By Courtney Macavinta

The mashup is a cornerstone of Web 2.0 and is now spreading from the consumer market to inside the enterprise. Mashups are customized applications that “mash” together data from several different sources to create an entirely new Web application or widget. A mashup could simply enable a user to see information from several different sources (i.e., a portal) or allow users to cull, modify and connect disparate data sources to present a unified view or report. A more complex type of mashup involves generating an actual business process application. Mashups typically have a Web-interface feel.

“A mashup is a composition of Internet capabilities within a rich collaborative environment,” says Jason Bloomberg, managing partner at the analyst firm Zapthink.

And a new report by Forrester Research projects that the enterprise mashup market will reach nearly $700 million by 2013. Enterprise mashups are set to take shape in two categories: Vendor-created mashups for the enterprise and do-it-yourself internal mashups that can be created by employees. To be sure, mashups enable CIOs to empower their organization's business users and customers. At the same time, with every new offering -- mashup or not -- come security, business process and support issues.

As self-service mashups inside the enterprise emerge, here is what CIOs need to consider:

  • Establish a framework Before allowing unfettered do-it-yourself mashups inside the enterprise firewall, Bloomberg advises that CIOs and their division partners establish governance -- putting a framework in place that manages permissions, use of data and confidentiality. Deploying a service-oriented architecture (SOA) is also essential, he says.

“Mashups are becoming the killer app for SOA,” he says. “You have to be able to trust those [mashed up] services out there -- you need a service-oriented architecture so services are reliable and meet the service levels that are contracted.” The bottom line: “Policies need to be in place before you let anyone do the mashups inside the organization,” Bloomberg says.

  • Be prepared to support internal and external business users According to another April 2008 report by Forrester, “Enterprise Mashups: Lead, Don’t Follow,” enterprise mashups have the advantage of mashing up data sources and services both inside and outside an enterprise’s firewall.

“The most useful business mashups will be ones that combine data from your internal applications,” writes analyst Mike Gualtieri.

While mashups can empower business users to create their own ad hoc Web applications, the flip side is that CIOs will now have to equip their help desks to support mashups just as they would for any other service or application. Another issue is that employees will rely on internal mashups to get their jobs done.

“For example, a star hedge fund trader may use a mashup for market-timing decisions. The last thing you want to happen is for business-critical mashups to go down,” Gualtieri reports.

So in addition to user support, CIOs have to consider offering production support to ensure that the data sources being pulled to create a mashup are up and running and resilient to outages.

  • Expect demand for DIY mashup capabilities Forrester also predicts that enterprise mashup tools will evolve into Web application development tools. For instance, business users who use social networking mashup widgets at home -- such as Facebook applications -- will want to have the power to configure their enterprise mashups to have the same functionality as those other Web widgets they use.
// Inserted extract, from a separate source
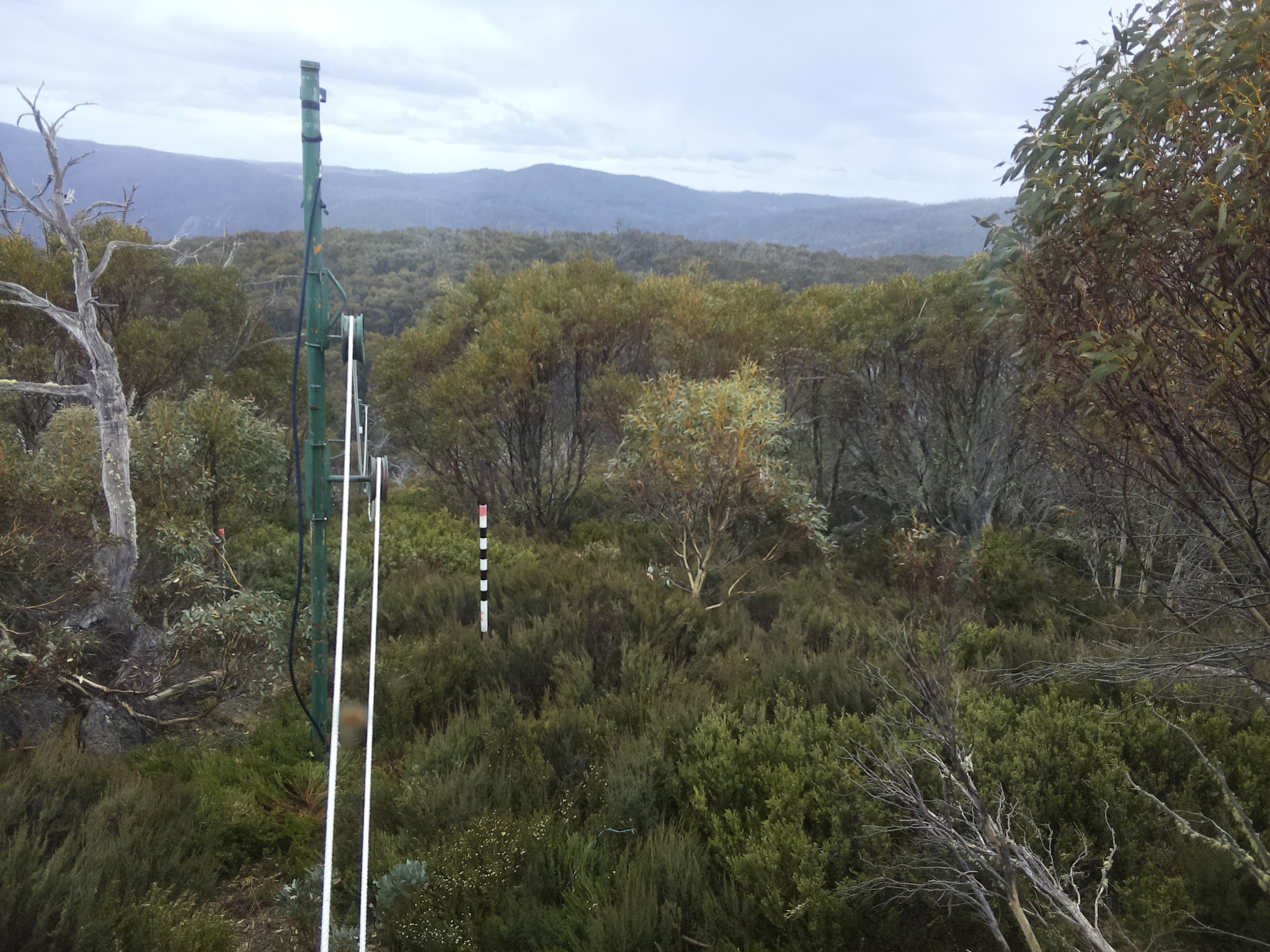 Bogong Web Cam 2:50pm Friday 31st of October 2025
However, inside-the-enterprise mashups will likely be more focused on letting employees create custom applications to provide workflow and transactional systems, according to Forrester.
  • Mashups could help the bottom line In his May 2008 report, “The Mashup Opportunity,” Forrester analyst G. Oliver Young outlines another value of mashups: more resources for IT.

“The average IT shop today is spending 63 percent or more of its budget on ongoing expenses, leaving precious few dollars for new projects or custom applications,” Young reports. “For IT, a mashup platform will be a scary proposition, but it’s one that can ultimately help the business help itself, increasing IT’s value even while it commits fewer marginal resources.”

Young concludes that mashups could generate more licensing fees for enterprise mashup vendors. “Forrester expects that a fully implemented mashup platform will garner licenses from somewhere between 55 percent and 95 percent of employees,” he says.

Although mashups inside the enterprise are at a relatively nascent stage, Bloomberg says CIOs can get ready now.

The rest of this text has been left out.